第208話 別れ
「それでは、またお越しください」
マーシャと合流したノンは受付嬢に報酬金を受け取った後、見送られながら冒険者ギルドを出ました。アリスとの会話もあったからでしょう、すでに王都に着いてから数時間ほど経過しており、すっかりお昼を過ぎていました。
「マーシャさん、これからどうしますか?」
「んー……実は商人ギルドにも行かなきゃならないの。その後、王都にいる間、親戚の家に泊まる手筈になってるから顔を出しに行かないと」
「そう、ですか」
預けた馬車を受け取りに向かいながらノンは今後の予定を聞きましたがどこか居心地が悪そうに答えるマーシャ。それを聞いた彼も少しだけ言葉を詰まらせた後、何も言えなくなってしまいました。
「……」
無言のまま、馬車とカーブを受け取ったマーシャはゆっくりと手綱を繋いでいきます。その様子をノンはジッと見守り続け、数分ほどかけて準備が終わりました。
「……じゃあ、ここでお別れかな」
「……はい」
マーシャは商人としての手続き。ノンは自分の家探しとアレッサの捜索。やることは多く、時間を無駄にしている余裕はありません。きっと、お互いに冒険者ギルドでの手続きが終わったら別れることを察していたのでしょう。
「ノン君」
御者台に乗ったマーシャはノンへと話しかけます。その目には涙が溜まっており、今にも泣きだしてしまいそうでした。

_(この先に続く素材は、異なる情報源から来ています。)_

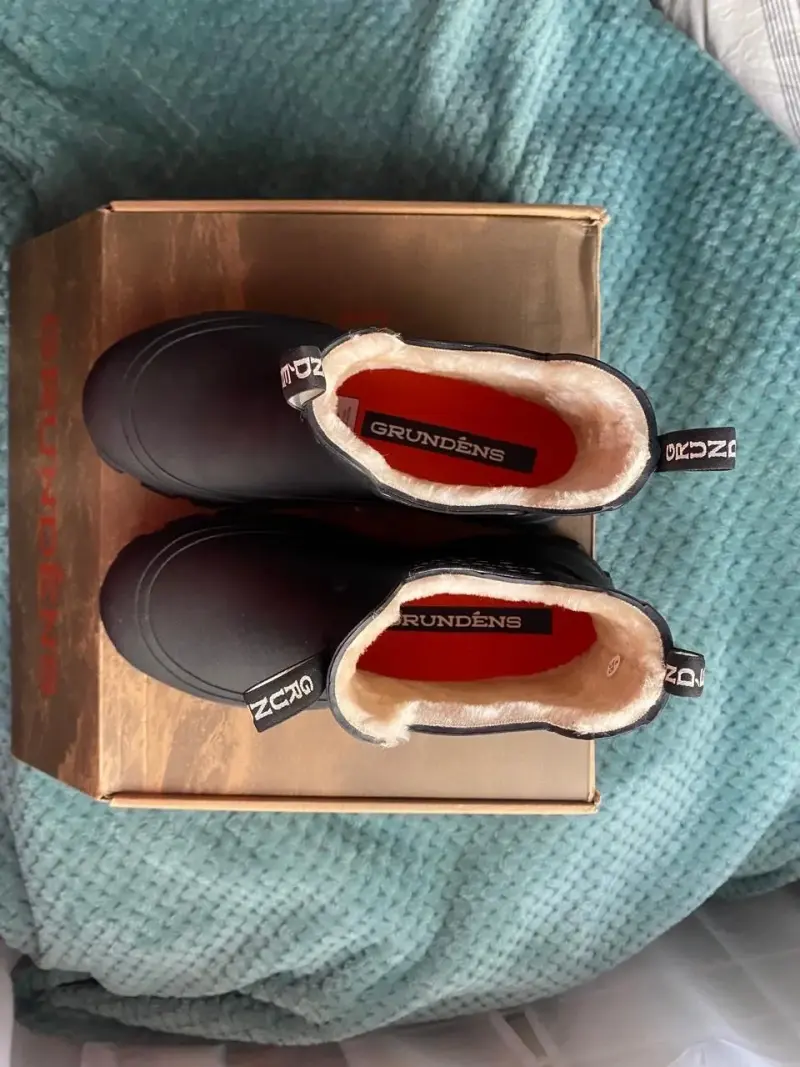 Botas de invierno Grundéns negras con forro térmico - 2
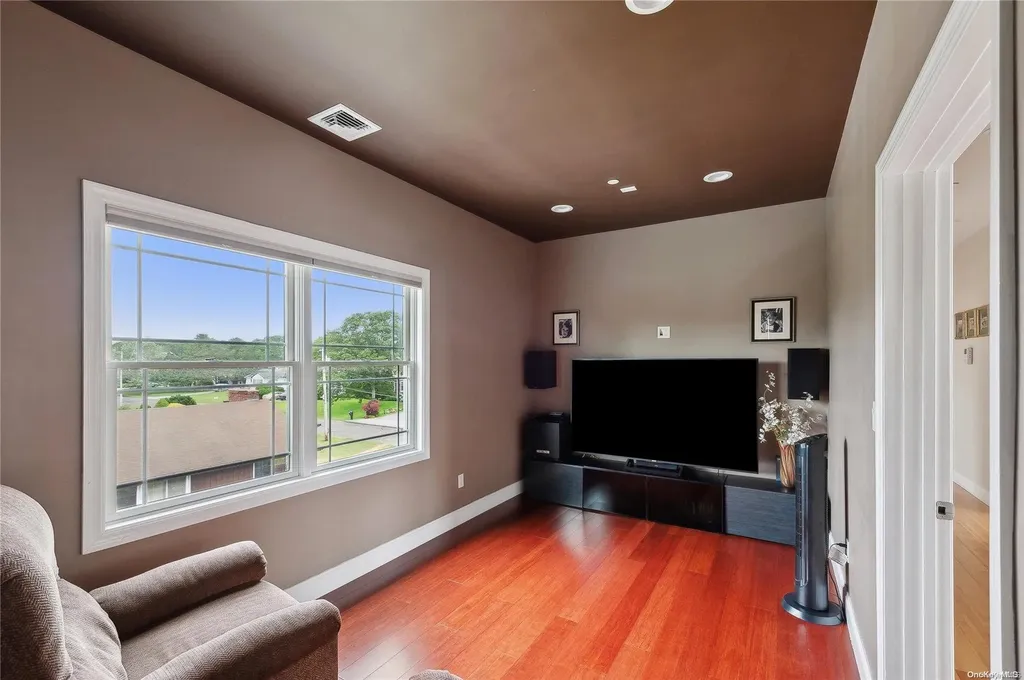 20 Ludlow Lane Hampton Bays NY 11946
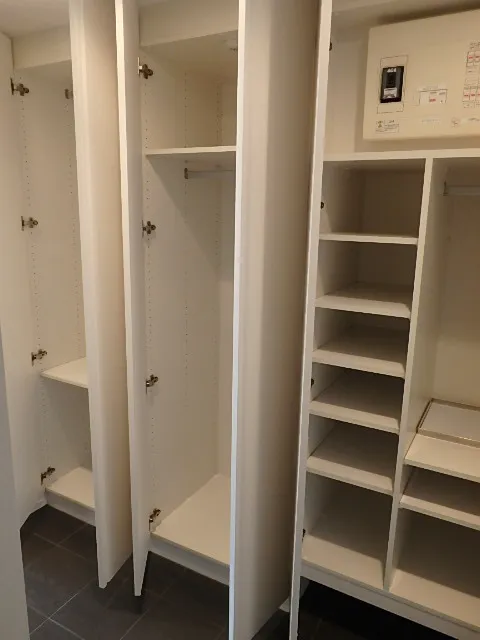 Residence Shirokane Park Front - Interior - ["Flooring", "Shelving", "Shelf"]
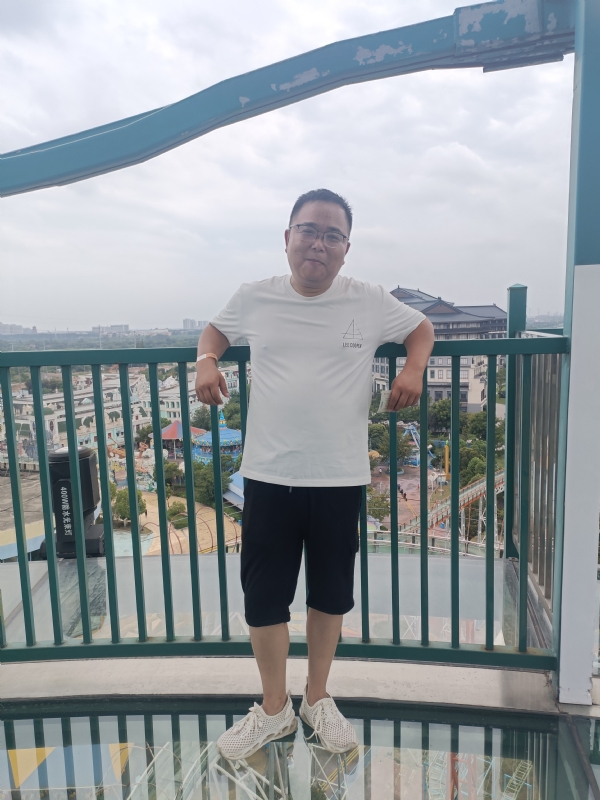 飞哥的第一张照片--包头相亲服务中心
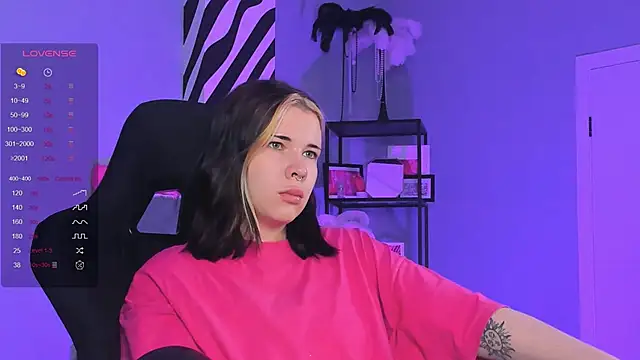 AliceSunday online show from 10-10-25, 02:01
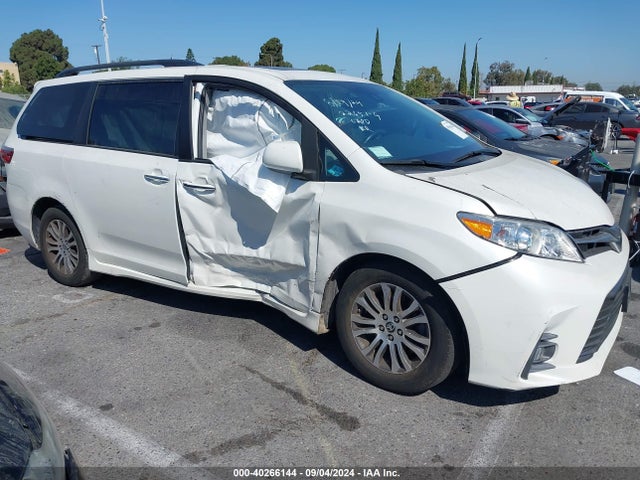 Toyota SIENNA XLE 2020 5TDYZ3DC1LS082949 Image 12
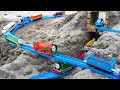 Thomas Japanese Train Plarail Had Fun Playing With Friends At The Beach And In The Garden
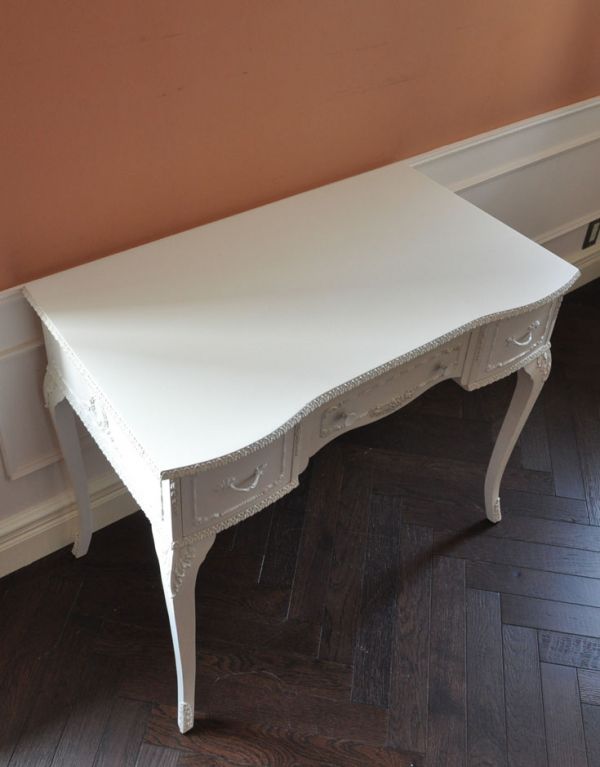 アンティーク家具 可愛いアンティークのフランス家具、ホワイトペイントのデスク。天板はピカピカです。(m-435-f)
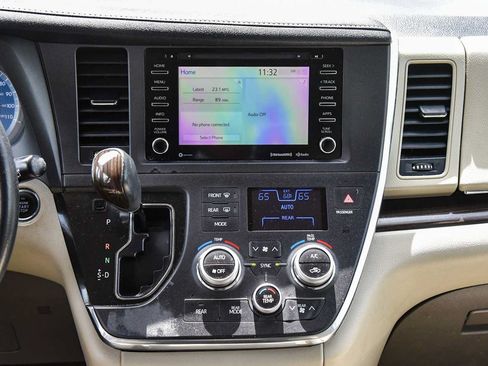 Used 2018 Toyota Sienna XLE FWD image 19
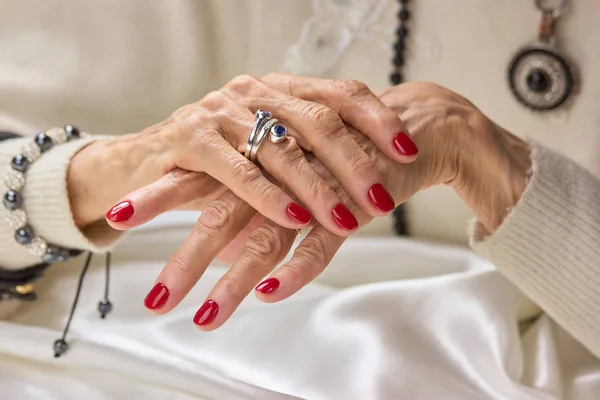 Роскошные женские руки с красным маникюром . — стоковое фото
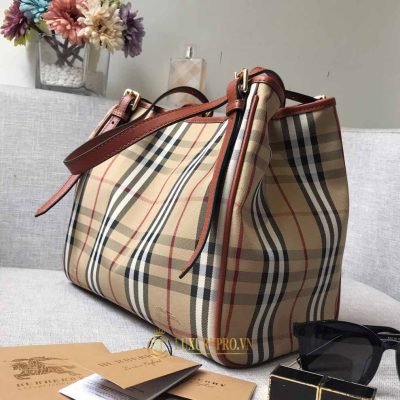 tui xach burberry 1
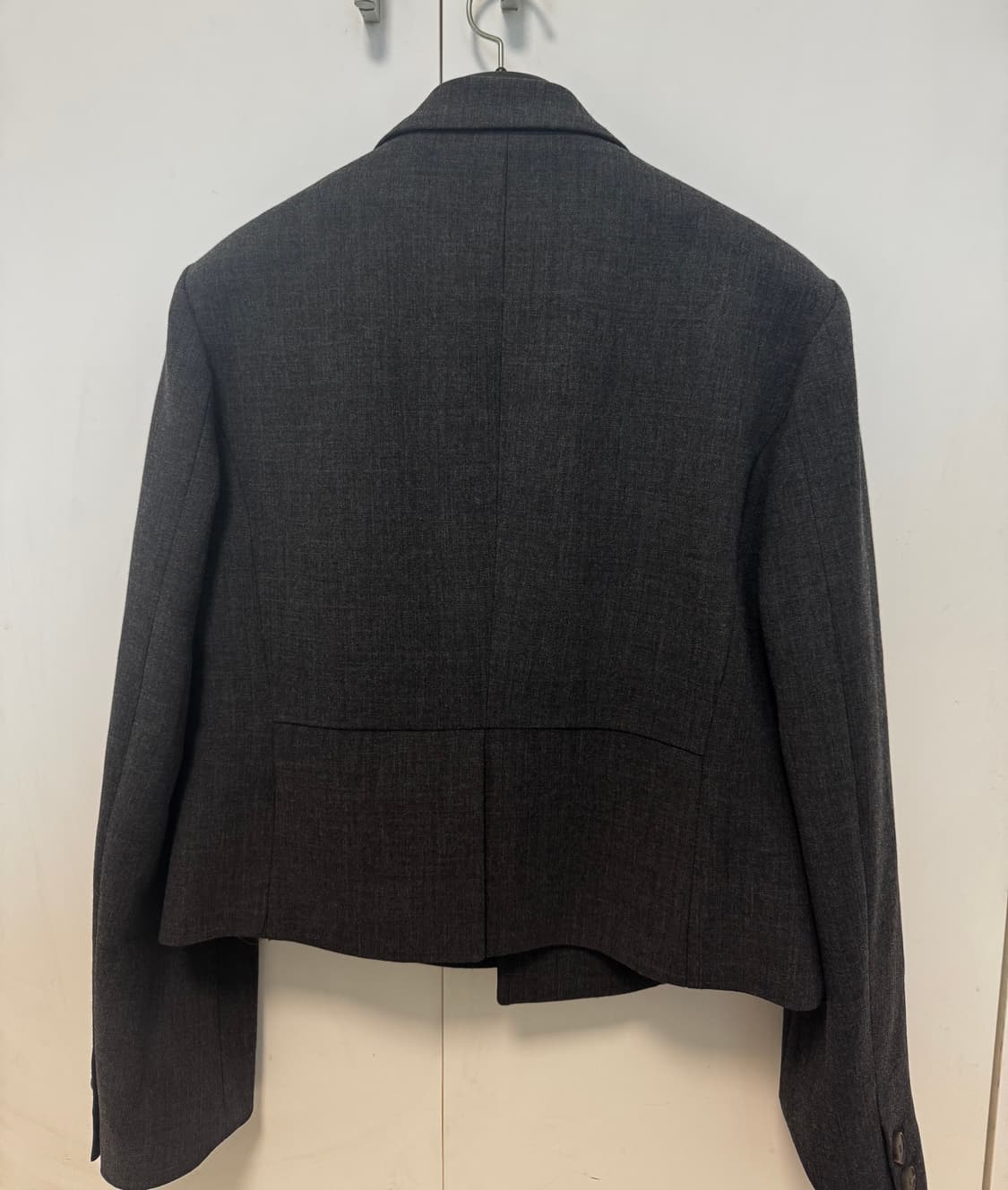 MOAT 모우트 3버튼 크롭 자켓 (더스트 그레이) 상품이미지4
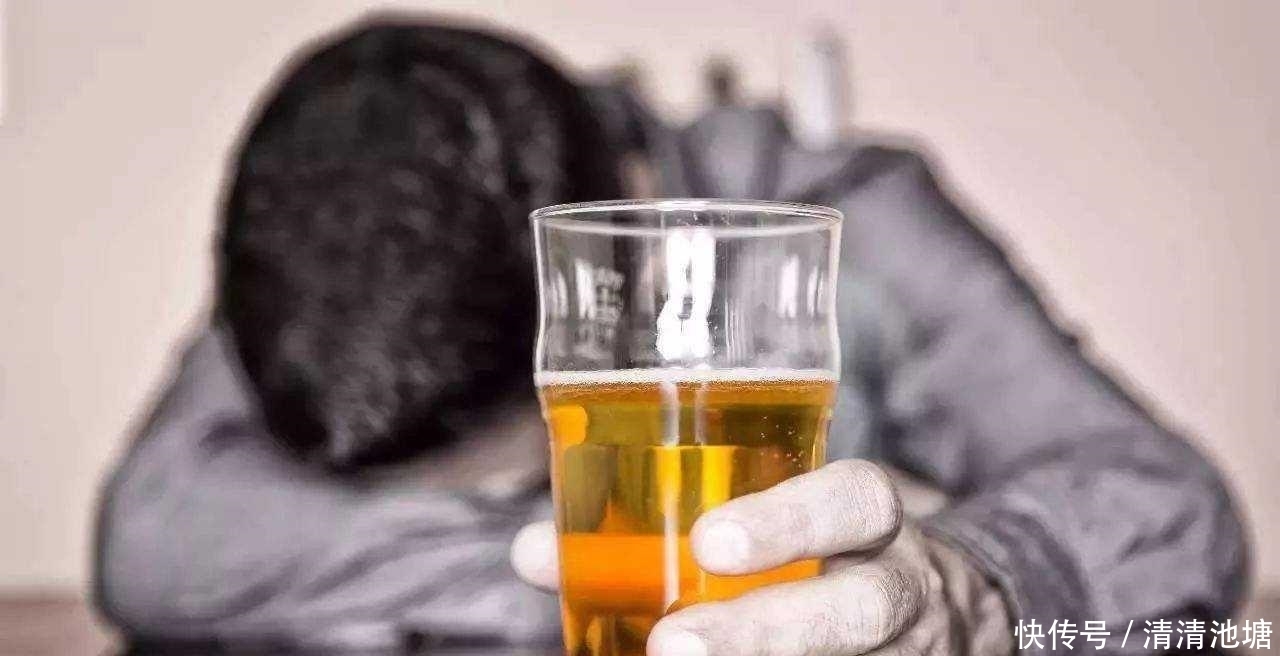 喝酒脸红、脸白是怎么回事？5个常识，喝酒的人要明白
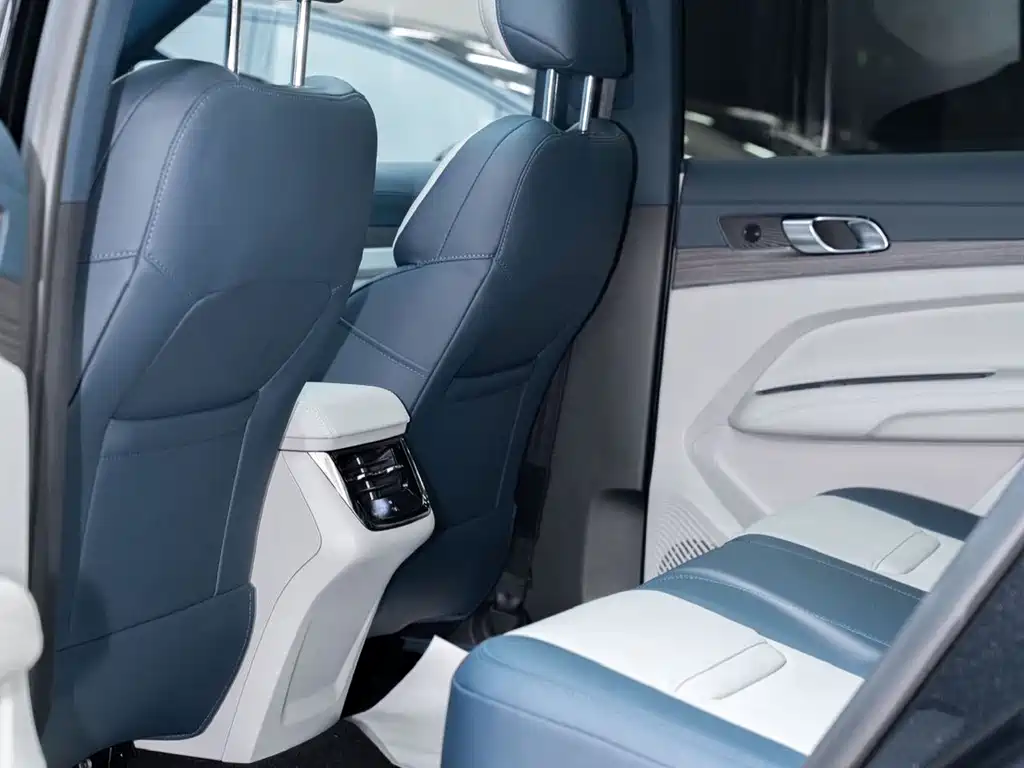 Ford Equator Sport — миниатюра 22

「ありがとう。ノン君とアレッサさんがいなかったら私は今頃、あの街で燻ったままだった」
「いえ、マーシャさんなら自力で立ち直ってましたよ」
「そうかも? でも、そうなってたら王都に来る途中で盗賊に殺されてた。二人がいてくれたから私はこうやって王都に来ることができた」
そう言った後、彼女はポケットから何かを取り出してノンへと投げ渡します。彼は危なげなくそれを受け取り、目を見開きました。
「これって……」
「おじいちゃんの懐中時計! ずっとお守り代わりに持ってたけどノン君にあげる! すっごく貴重なものだから大切にしてね! アレッサさんにもよろしく! じゃあ、またどこかで!!」
ノンに懐中時計を押し返される前にマーシャはカーブに指示を出して馬車を走らせます。さすがに呼び止めるような無粋なことはせず、彼は走り去っていく馬車を見送りました。
「……綺麗」
マーシャから受け取った懐中時計には見事な装飾が施されています。それをノンは大切にマジックバックへ仕舞い、顔を上げました。
冒険者ギルドでの用事は終わりました今、次にやることは家族探し。王都は広く、一日では探しきれないでしょう。それに加え、アレッサの様子も気になります。もしかしたら王都を歩き回っている間にマーシャと再会するかもしれません。そうなれば彼女と顔を見合わせて苦笑いを浮かべることになるでしょう。
「……よし!」
気合を入れるために彼はフン、と鼻を鳴らしました。とりあえず、今日は色々と歩いて王都の地理を覚えることに徹しつつ、アレッサを探そう。そう決めたノンは王都の街へと歩き出したのです。